▶ **Records**:
========================

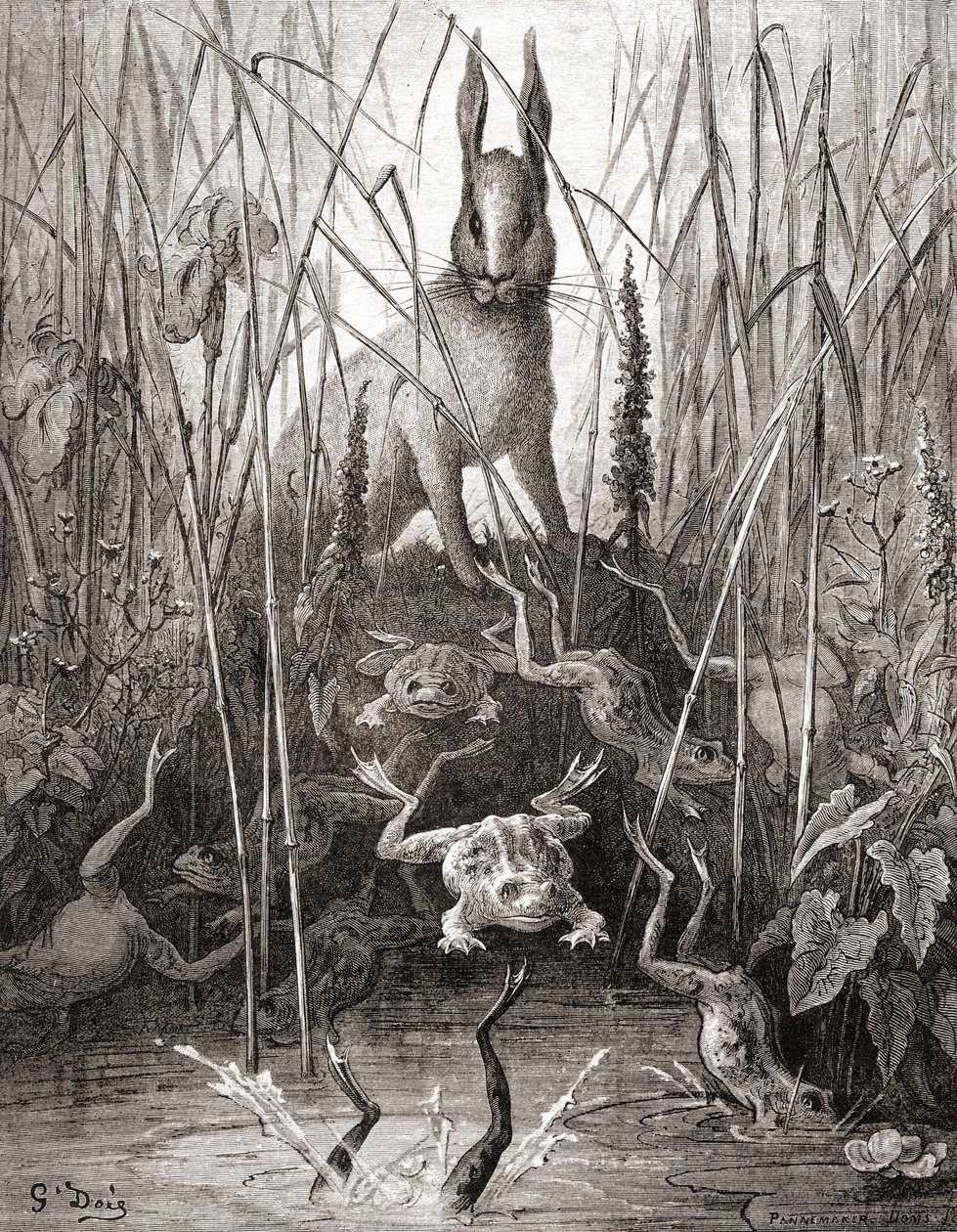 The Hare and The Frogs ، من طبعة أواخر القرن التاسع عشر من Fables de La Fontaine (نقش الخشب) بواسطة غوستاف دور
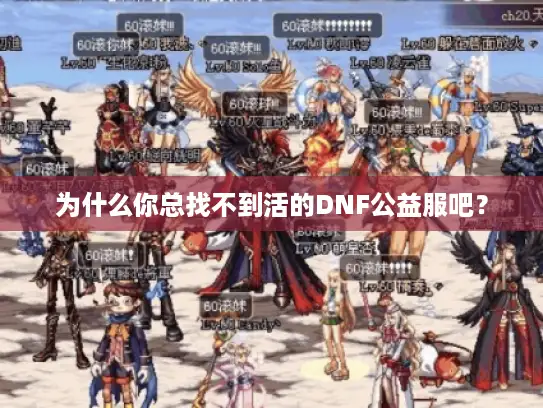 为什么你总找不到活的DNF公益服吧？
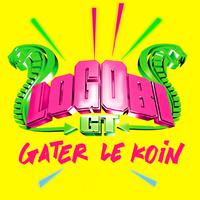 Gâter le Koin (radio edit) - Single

========================

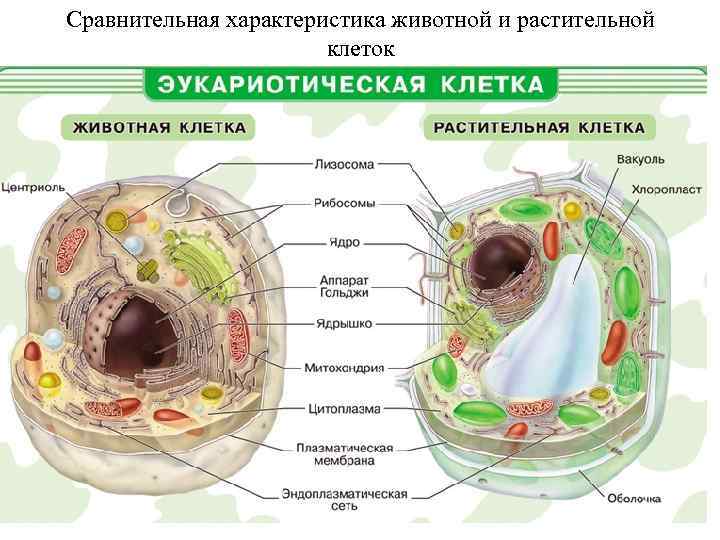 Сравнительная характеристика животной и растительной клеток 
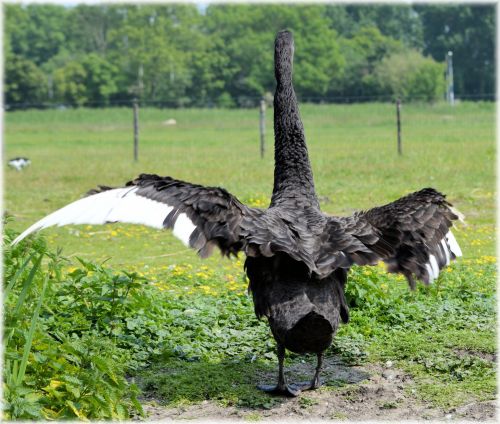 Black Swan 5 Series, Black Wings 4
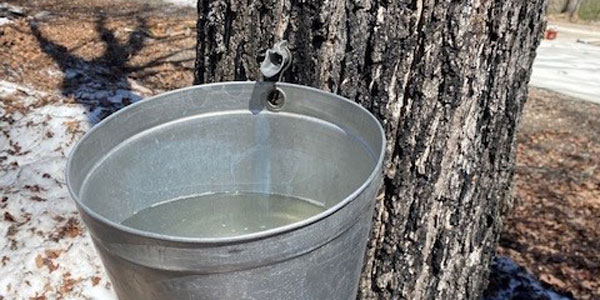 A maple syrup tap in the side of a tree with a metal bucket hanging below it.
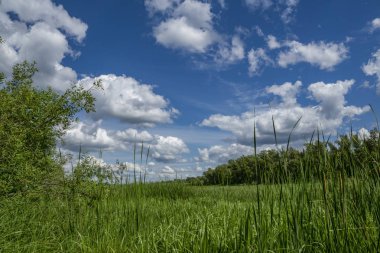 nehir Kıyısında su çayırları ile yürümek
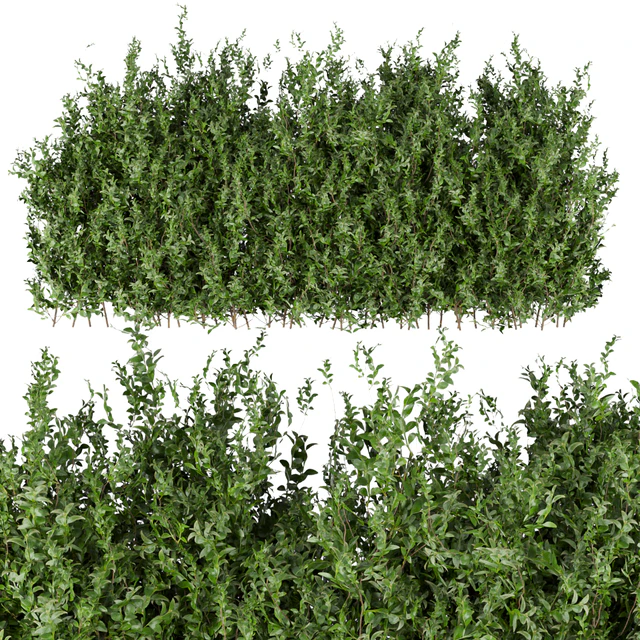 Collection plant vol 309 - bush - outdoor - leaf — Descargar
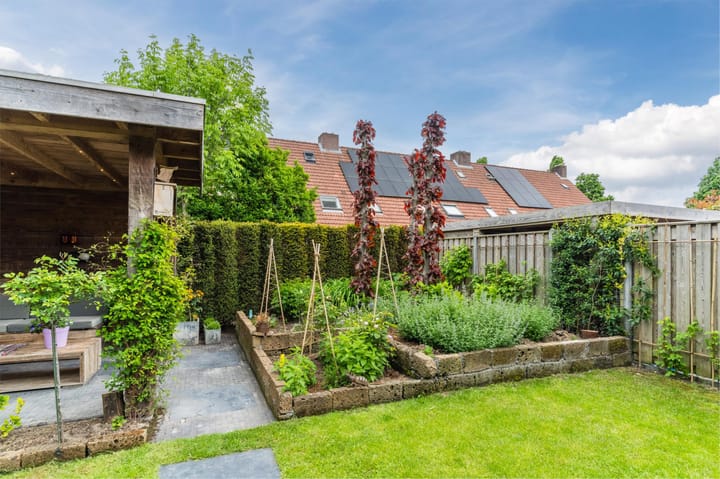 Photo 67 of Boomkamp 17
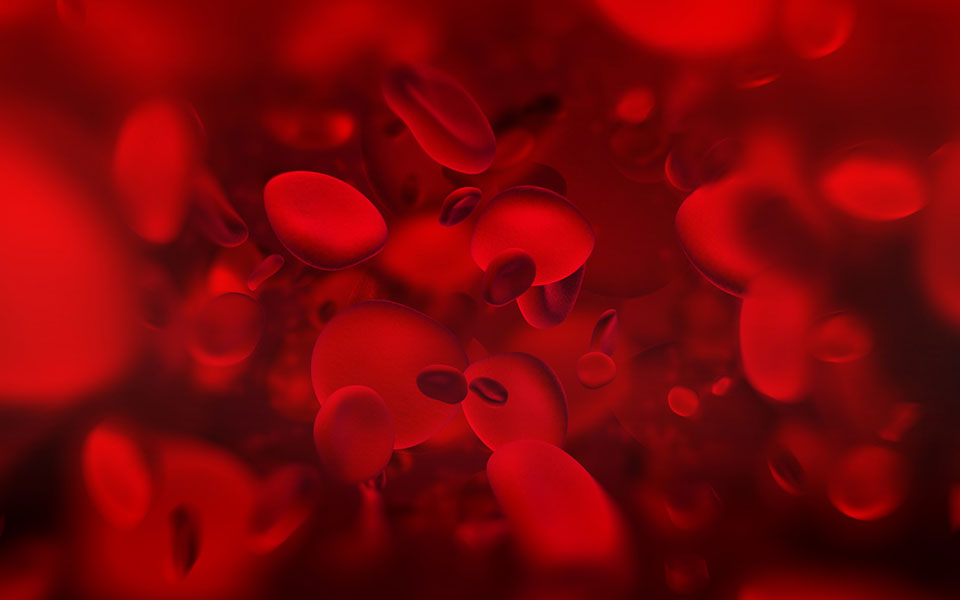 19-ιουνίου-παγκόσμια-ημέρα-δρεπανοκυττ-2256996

========================

▶ **Exercise brief**: Go back to the listing above and reproduce, exactly, the stretch from the line bearing "Сравнительная характеристика животной" through the line bearing "19-ιουνίου-παγ", without its pictures.

▶ **Expected answer**:
 Сравнительная характеристика животной и растительной клеток 
 Black Swan 5 Series, Black Wings 4
 A maple syrup tap in the side of a tree with a metal bucket hanging below it.
 nehir Kıyısında su çayırları ile yürümek
 Collection plant vol 309 - bush - outdoor - leaf — Descargar
 Photo 67 of Boomkamp 17
 19-ιουνίου-παγκόσμια-ημέρα-δρεπανοκυττ-2256996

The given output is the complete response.